Free-form set of strings (abbreviation, compound_part, lacuna, editorial markers like reconstructed/deletion/insertion/abbreviation_expanded).

source_span

(start, end) byte offsets into the original text — for round-tripping back to scans / TEI markup.

metadata

Dict for I/O-specific extras (witness_id, surface_label, line_pk, bbox, abbrev_candidates, …).

flags is deliberately a set[str], not an enum — language packs and project-specific tooling can attach their own labels without needing a core change.

The tokenizer pipeline

Stage 1 — NFC normalization

Every input is unicodedata.normalize("NFC", text) before anything else. This canonicalises composed vs decomposed forms so a niqqud-bearing Hebrew letter compares equal regardless of how the source encoded it.

Stage 2 — Editorial-marker scan

The default EditorialBracketRules matches:

Surface

Resulting flag

[content]

reconstructed

⟦content⟧

deletion

〈content〉

insertion

(content)

abbreviation_expanded

, […]

lacuna (as a zero-content token)

The brackets themselves are removed from the surface text; the inner content tokenizes normally but each resulting token inherits the bracket’s flag.

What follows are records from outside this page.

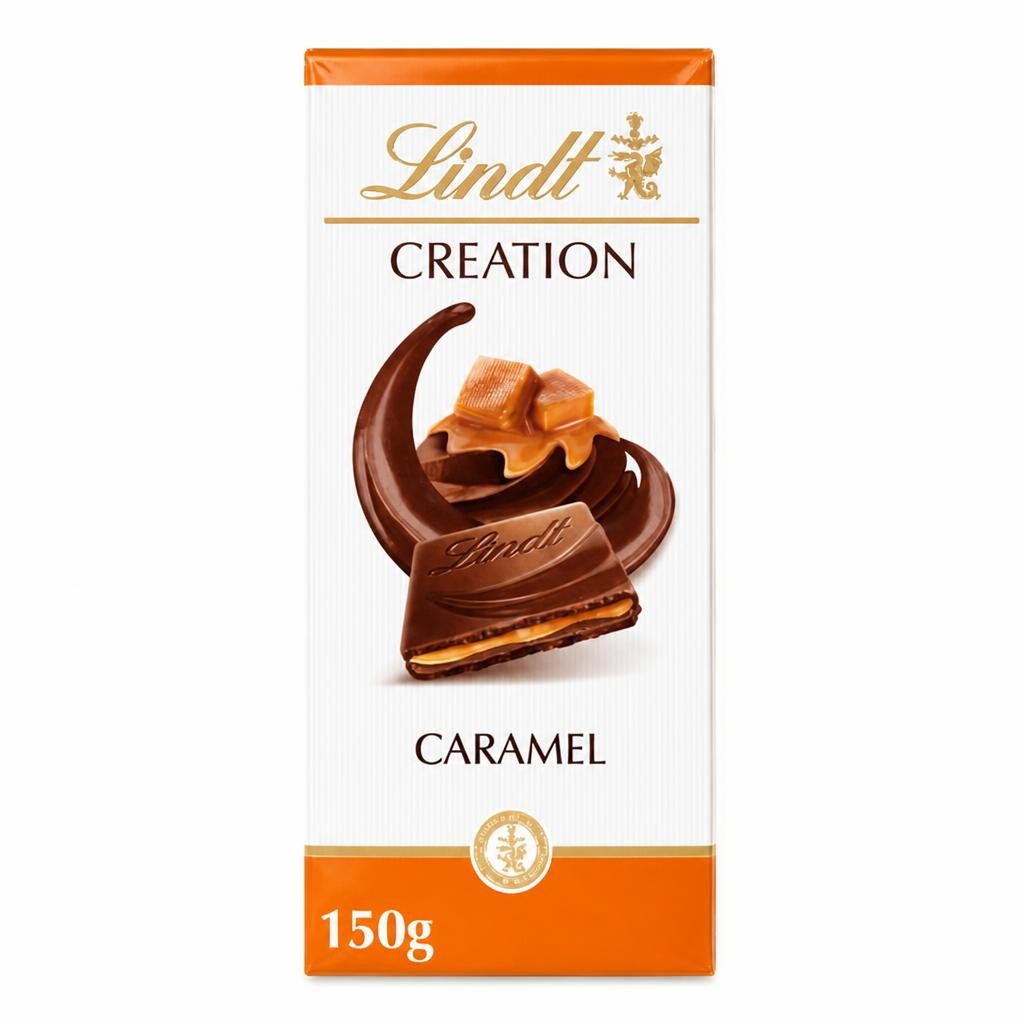 Lindt Creation Milk Caramel Chocolate Bar 150g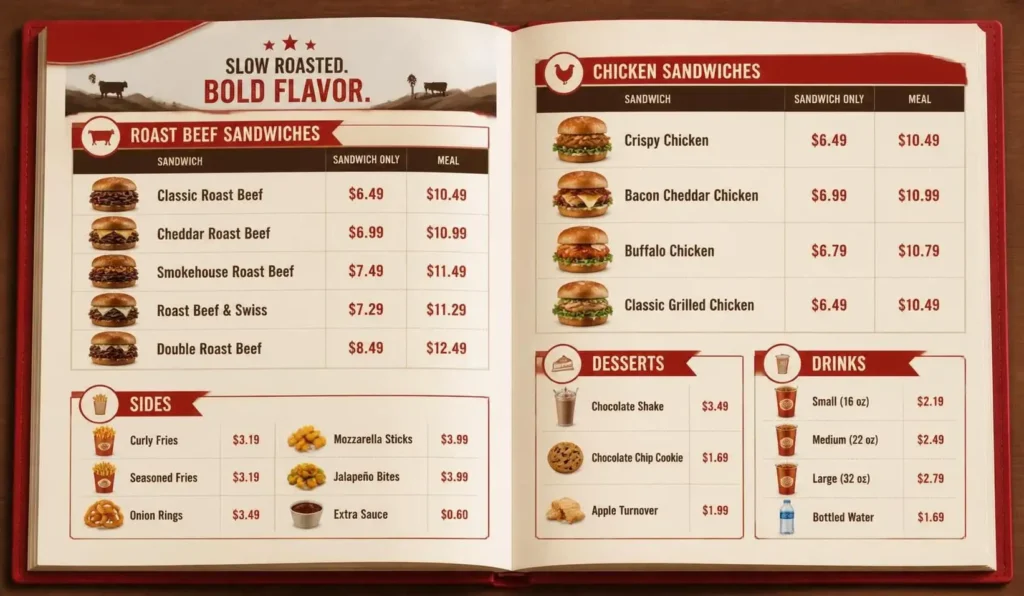 Arbys Menu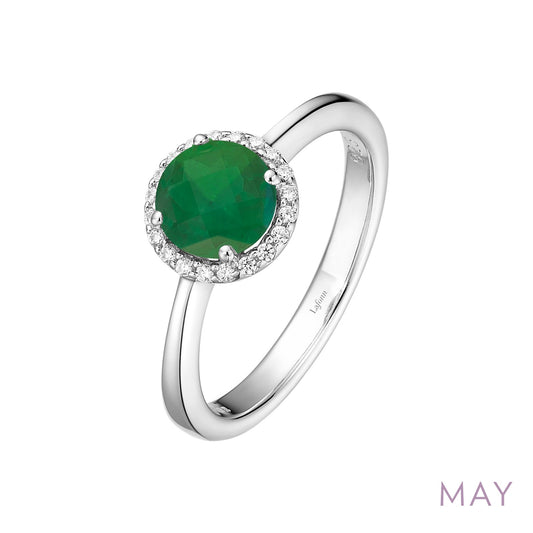Lafonn Birthstone Emerald May Ring BR001EMP10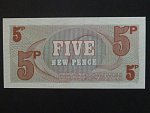 BRITISH ARMED FORCES, 5 Pence 1972, 6th series, BNB. B737a, Pi. M44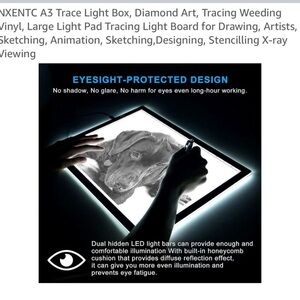 A3 LED Light Pad - Black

You can override the rules:

from tracealign.tokenize.base import EditorialBracketRules

my_rules = EditorialBracketRules(
    pairs=[("{", "}", "deletion"), ("⟨", "⟩", "insertion")],
    lacuna_markers=["...", "…"],
)
tokens = tracealign.tokenize(text, lang="hbo", rules=my_rules)

Stage 3 — Whitespace / punctuation split

Splits on whitespace and on a default punctuation set (,.;:!?،؛). A language pack contributes mid_word_chars that are not split — Hebrew adds gershayim, geresh, and maqqef. A character is otherwise considered word-internal if its Unicode category starts with L, N, or M.

Stage 4 — Marker reattach

The editorial flags from stage 2 are attached to whichever tokens overlap the corresponding bracket span.

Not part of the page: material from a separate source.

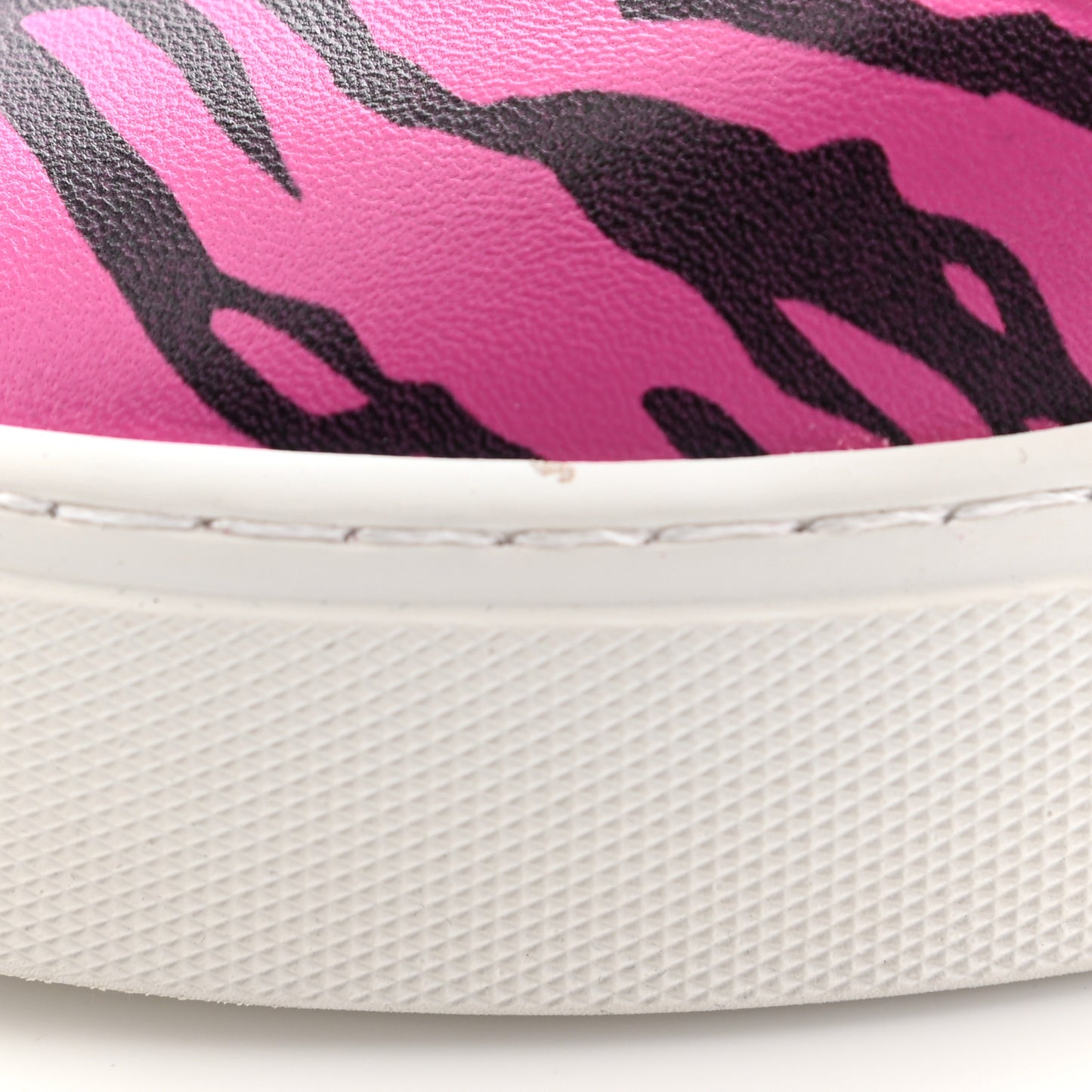 Nappa Zebra Venice Sneakers 40 Fuchsia Black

Stage 5 — Language-pack post_tokenize

The Hebrew pack splits maqqef compounds into separate RawToken parts here, each tagged with compound_part.

Stage 6 — Language-pack normalize

Turns each RawToken into a Token. The Hebrew pack:

  • strips niqqud / te’amim from raw to produce text;

  • computes the skeleton representation (text with yod / waw also removed) — used for plene/defective matching;

  • flags tokens containing gershayim as abbreviation;

  • looks up text in the lexicon’s abbreviation table and attaches the expansions to metadata["abbrev_candidates"].

Scoring

Scoring is tiered: tiers are tried in order, and the first one that returns a non-None TierResult wins. The result becomes a Match(reason, score, details).

The Hebrew pack ships seven tiers in this order:

Order

Reason

When it fires

Score

1

EXACT

a.raw == b.raw

1.00

2

NIQQUD_STRIPPED

a.text == b.text but a.raw != b.raw

0.95

3

PLENE_DEFECTIVE

same skeleton, differ by exactly one yod/waw

0.85

4

ABBREVIATION

1:1 abbreviation expansion (ר"ששמעון style)

0.85

5

ORTHOGRAPHIC

rapidfuzz ratio ≥ 0.6

ratio × 0.9

NO_MATCH

none of the above

0.00

INSERTION and OMISSION are not scoring tiers — they’re emitted by the aligner when it inserts a gap in one of the sequences. SCRIPT_VARIANT is reserved for future cross-script use (e.g. Hebrew ↔ Greek transliteration).

Multi-token abbreviation matches (ר"ירבי ישמעאל) are not a tier — they’re a separate transition in the DP (see below).

The alignment DP

TRACE uses a semi-global Needleman–Wunsch with affine gap penalties (Gotoh) plus a fourth optional transition for multi-token abbreviation lookahead. Three NumPy matrices store the running scores:

Matrix

Meaning

M[i, j]

best score ending with a[i-1] aligned to b[j-1]

X[i, j]

best score ending with a gap in B (a[i-1] consumed against a gap)

Y[i, j]

best score ending with a gap in A (b[j-1] consumed against a gap)

gap_open is the penalty for opening a gap; gap_extend is the per-position cost of continuing one. Defaults: gap_open=-2.0, gap_extend=-0.5.

Semi-global edges: by default the first and last column / row are free (X[i, 0] = 0, Y[0, j] = 0). This means leading and trailing gaps don’t cost anything — important for fragment alignment where one witness is a strict subset of the other.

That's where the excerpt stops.